LIVING WITH THE DEVASTATING LOSS OF HER GRANDSON TO SUICIDE
A GRANDMOTHER’S STORY
THE AFTERMATH
TRIGGER WARNING: This page contains references to themes of suicide which some individuals may find distressing. Thoughts of suicide are common and serious. If you or someone you know is thinking about suicide, call or text 9-8-8. Support is available 24 hours a day, 7 days a week.
“The meaning of SUICIDE is the act or an instance of taking one's own life voluntarily and intentionally.”
Merriam – Webster Dictionary
A morbid topic you think as you read the words above. Why would someone want to write on this topic? This heartbroken grandmother wants those who are suffering from mental illness and those that are struggling with the terrible temptation to end their life to know that they would be leaving behind family who have loved and cared for them and who will forever suffer the pain of their loss. They are leaving behind so many people.
Their families who loved them.
Friends who suffer the loss of a good friend.
Employers who cared.
Teachers who taught them.
All those whose path they crossed in life and left their impression on.
Our family lives with this pain. A long four years have passed since a beautiful sunny morning in July when our world was shattered. Our twenty-three-year-old grandson had taken his life.
Taken his life. Did himself in. Committed suicide. All the standard cliches to describe the horrible word Suicide. The word we hate to say. The word that conjures up terrible heartbreaking images to his family and friends as they think about his last hours alone.
Was he in pain as he died? Did he just go to sleep? Did he think about his family? His friends? Did he know how much we all loved him? What were his last thoughts? Who did he think of as he left this world?
Did he look at his life photo album left on his night stand before he decided to do what he did? The one I had lovingly made him for his high school graduation. The one with photos of his family, his friends, the things he treasured in life. It was beside his wallet and the framed certificate that he received when he became a Heavy Duty Mechanic.
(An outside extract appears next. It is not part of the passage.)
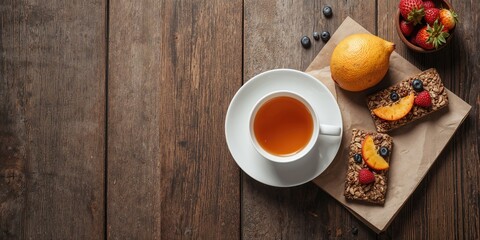 A cup of tea with a few muesli bars, healthy snack options for breakfast or break time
The RCMP had brought the sad word to the family in the early hours of the morning. A split family, the mother and his brothers told first, then our son, his father. His younger brother called my husband, who broke the news to me. Our daughter and husband, his aunt and uncle and cousins, were next to know.
The pain, the unbelievable sorrow, and overwhelming grief put us to our knees. It can’t be true! It is a mistake. He was fine the last time we saw him! Who knew he was struggling? No visible signs to make one suspect.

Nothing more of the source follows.